Tuesday, August 23, 2011

Sufficient

The act of finding out what will suffice : Wallace Stevens said this about poetry, and it is equally applicable to religious life.

This, I understand, is a rather heterodox and relativistic view of such matters which are often said to involve indisputable Truth, revealed Truth inscribed in stone, not provisional near-sufficiencies written in light on water.



What will suffice is, by definition, relative. Sufficient unto what ? Unto what need, what desire, what question, what lack, what state, what thing ? Then doubly relative: what might suffice for you, could well, for me, fall drastically short.



For me the unto what is this: that there is something rather than nothing, the ultimate mise-en-scene of metaphysical inquiry. And, more to the point, that within this something there is embedded that which is aware, and that which inquires, otherwise known as I .



This embedded something is not a simple something. It is a marvelous welter of membranes and ionic fluxes -- receptors and processors and storage devices and read-outs and projectors -- and it navigates what it calls "the world" and "history" by means of symbols, the currency of its complicated transactions with its fellow embedded membranic welters.



So, for me, the inspiring datum is the "that I am," which carries within it everything else that is. The datum is object of interrogation, not why, only partially how, more precisely what, as in WTF !



So how does Christianity -- the country of my recent sojourns -- approach this ? And does it "suffice" ?



I was in a church meeting awhile back and the priest made a comment that has remained with me: she said, lamenting the crowding, multitudinous demands of clerical life, that sometimes she wished she could just stop and sit still and simply "love Jesus."

It brought me down to earth.

I have never, ever wanted to stop and sit still and "love Jesus." I cannot picture myself wanting to do so. I cannot even fathom, precisely, what that means. To be honest, I have been most content when able to stow Jesus away within the unfathomable perichoresis of the Trinity as "the place where divine and human meet" and regard the whole contraption as "God," AKA Infinite-And-Unfathomable-Ground-Of-Being, innards best left uninspected. Or, at the very most, cling to In principio erat Verbum as a declaration that it's all a big poem, a cosmic language game, and, as such, Mr Stevens, does it suffice ?



No, Mr Stevens, with respect to the question, the elemental what I am afraid it does not.

It comes at the question from the wrong angle, wearing Jesus colored glasses. And, with respect to how to be with one another in the world, it lands at quite a useful stance: love, justice, compassion. But how ? By putting on the mind of Christ, by becoming the Body of Christ in the Eucharist; by participating in the transaction of the Cross -- between Christ the spotless victim and ourselves, the forgiven victimizers. Lovely, but, forgive me, Rube-Goldbergesque and imposed from without, requiring all sorts of sacramental accoutrments and interlocutors.



Not to mention the words, the texts, the stories, the narratives -- oh the endless, endless stories ! -- draped in the seaweed of ancient, outdated mores and attitudes.

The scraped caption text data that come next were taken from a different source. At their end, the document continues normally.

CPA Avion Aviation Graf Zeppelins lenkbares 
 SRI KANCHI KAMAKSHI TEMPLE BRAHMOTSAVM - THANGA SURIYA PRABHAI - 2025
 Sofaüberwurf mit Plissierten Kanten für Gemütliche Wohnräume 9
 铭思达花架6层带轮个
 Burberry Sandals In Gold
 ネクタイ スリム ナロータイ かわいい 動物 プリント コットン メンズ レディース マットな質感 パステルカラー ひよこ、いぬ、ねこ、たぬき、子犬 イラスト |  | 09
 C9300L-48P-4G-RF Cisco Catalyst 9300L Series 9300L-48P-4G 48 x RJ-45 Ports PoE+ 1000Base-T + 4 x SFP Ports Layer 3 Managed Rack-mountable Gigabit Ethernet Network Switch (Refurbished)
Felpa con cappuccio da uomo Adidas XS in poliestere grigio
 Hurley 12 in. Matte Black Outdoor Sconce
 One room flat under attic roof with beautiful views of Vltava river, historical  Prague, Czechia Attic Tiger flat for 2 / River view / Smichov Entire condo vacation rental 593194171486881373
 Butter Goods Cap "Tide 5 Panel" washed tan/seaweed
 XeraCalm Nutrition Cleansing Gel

How does one have any chance whatsoever at "standing on ones own feet" (as Merton advised on the day of his death) so overladen with text and tradition, dogma and doctrine, laws and lenses ?



Heartsick, I have come to realize my recent sojourn may be drawing to a close. My visa has expired. I am an illegal, and no longer have the energy or the will to try to pass as a citizen.



The nights lengthen, fall is muttering somewhere over the horizon, and someone, somewhere is humming the old, old refrain --



Whoever has no house now, will never have one.
Whoever is alone will stay alone,
Will sit, read, write long letters through the evening,
and wander on the boulevards, up and down,
restlessly, while the dry leaves are blowing.